I want to talk about these three metrics. Because I think the direction of travel is right, moving away from opens and clicks toward signals that actually reflect the health of the subscriber relationship, but the specific definitions and formulas need interrogating properly. MarTech is a huge publication with a massive readership. People will take this as gospel. And some of it needs a closer look!
Graphic from Validity 2026 Email Benchmark Report
The disaffection index is positioned as a way to measure negative engagement rather than positive. Instead of asking how many people opened or clicked, it asks: how quickly are you burning through your audience?
The formula combines unsubscribes, complaints, and bounces — divided by clicks, multiplied by 100. The idea being that this single number captures all the signals indicating an audience is losing interest.
MarTech references Validity's benchmark report, which makes the specific point that inbox providers increasingly treat negative signals as stronger indicators than positive ones. And that is genuinely true. Gmail, Microsoft, and Yahoo are all moving toward engagement-weighted filtering — the programmes that generate consistent positive signals win, and the ones generating sustained negative signals lose inbox placement.
My issues are with the definition and the formula. Let me pull them apart...
Bounces are not a signal of disaffection.

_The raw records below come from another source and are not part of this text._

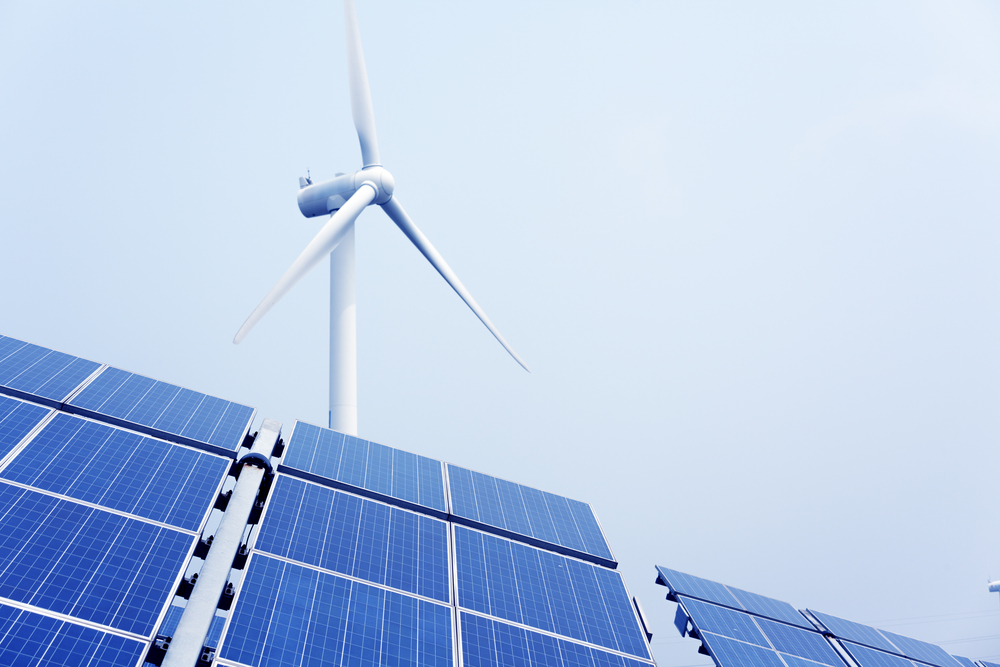 Wind and solar ready for 2016 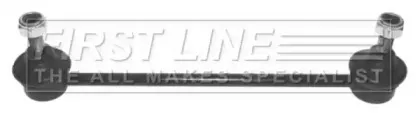 Тяга / стойка, стабилизатор FIRST LINE купить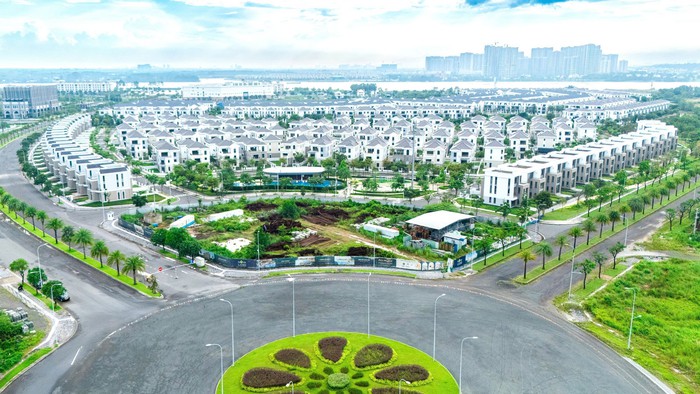 23.000 tỷ đồng từ dự án Aqua City sẽ 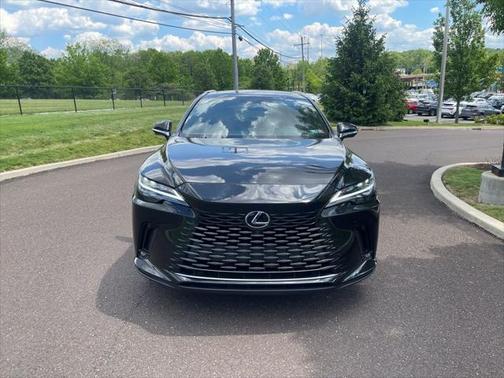 2024 Lexus RX 350 Base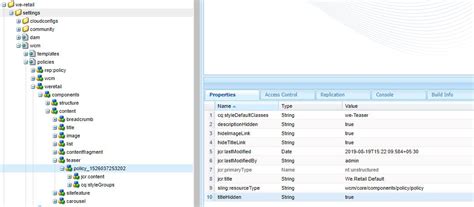 Aem basics tutorial  This guide explains the concepts of authoring in AEM in the classic user interface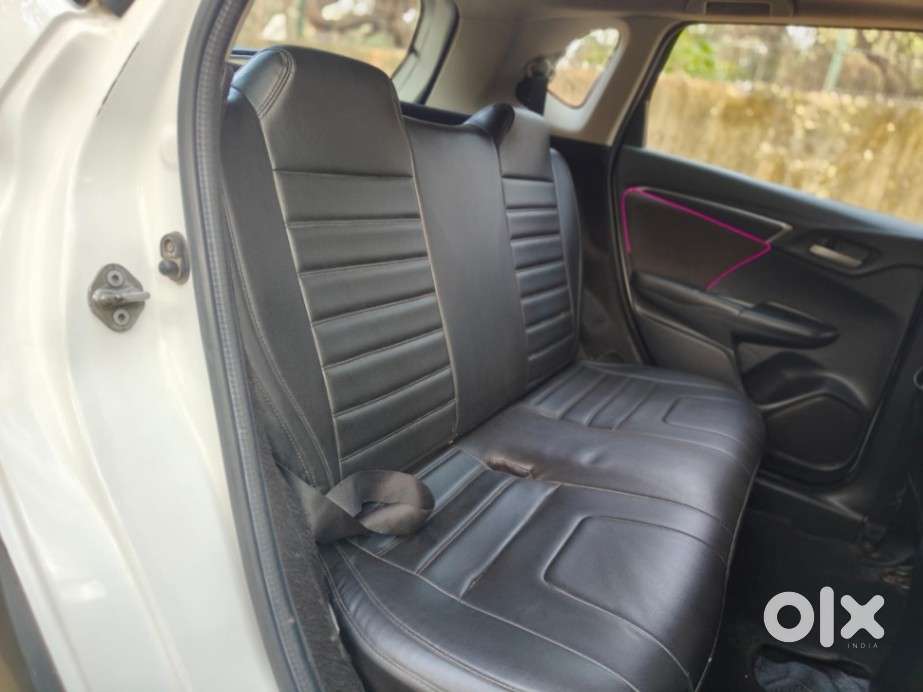 Honda Wr-v 1.5 Vx I-dtec, 2018, Diesel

This is the first problem. The disaffection index combines unsubscribes, complaints, and bounces as though they are equivalent expressions of the same thing — an audience losing interest.
They are not!
A bounce is almost never a signal of disinterest. A soft bounce is a temporary delivery failure — the inbox was full, the server was unavailable. A hard bounce means the email address is no longer valid, usually because someone left a job, changed provider, or their mailbox was closed. In a B2B context specifically, that person did not decide to disengage from you. They left a role. Their mailbox expired. They never took any action indicating disinterest — they just stopped existing at that address.
Bounces damage deliverability, yes. They need monitoring and managing. But conflating them with unsubscribes and complaints — where a human being has made an explicit decision about their relationship with your emails — muddies what disaffection is supposed to measure.
A spam complaint is not disaffection — it is something worse.
The formula also combines spam complaints with unsubscribes. Again, these are not the same thing. An unsubscribe is someone saying: I no longer want to receive these. A spam complaint is someone saying: this email was unwanted and offensive enough that I am flagging it to the provider.
Disaffection implies fading interest. A spam complaint implies something far more active and far more damaging to your programme. The two should not be averaged together into a single metric — they require different responses and carry completely different weights.
Dividing by clicks is the wrong denominator.
The formula uses clicks as the denominator. But clicks are not a reliable measure of positive engagement for many businesses. There are plenty of programmes — particularly in B2B content marketing and thought leadership — where almost nobody clicks the email directly, but where meaningful commercial value is being generated through brand awareness, pipeline influence, and direct search. Using clicks as the positive baseline for a disaffection calculation would make those programmes look catastrophically disaffected when they are actually performing well.
The concept is sound, the formula needs work.
Here is how I would approach measuring what this is actually trying to measure — which is, at its core: are people leaving my list or turning against it, and at what rate relative to the engaged portion?
Rather than combining different signals of different severities into one number, I would track them separately as indicators and then look at their relationship over time:
Unsubscribe rate by segment and by send type — tracked over time, not as a blended average
Spam complaint rate — tracked separately from unsubscribes, with zero-tolerance thresholds because of its deliverability implications
Bounce rate — tracked separately as a data quality and deliverability signal, not an engagement signal
Meaningful action rate — what proportion of the list took a meaningful action (not an open or a click, but a real engagement signal: website visit, content download, event registration, purchase, inquiry) in the measurement period
The disaffection question I would actually want to answer is: of the people who received my emails in this period, what percentage showed any meaningful engagement signal and what percentage showed an explicit exit or rejection signal? The gap between those two numbers tells you more than any combined formula.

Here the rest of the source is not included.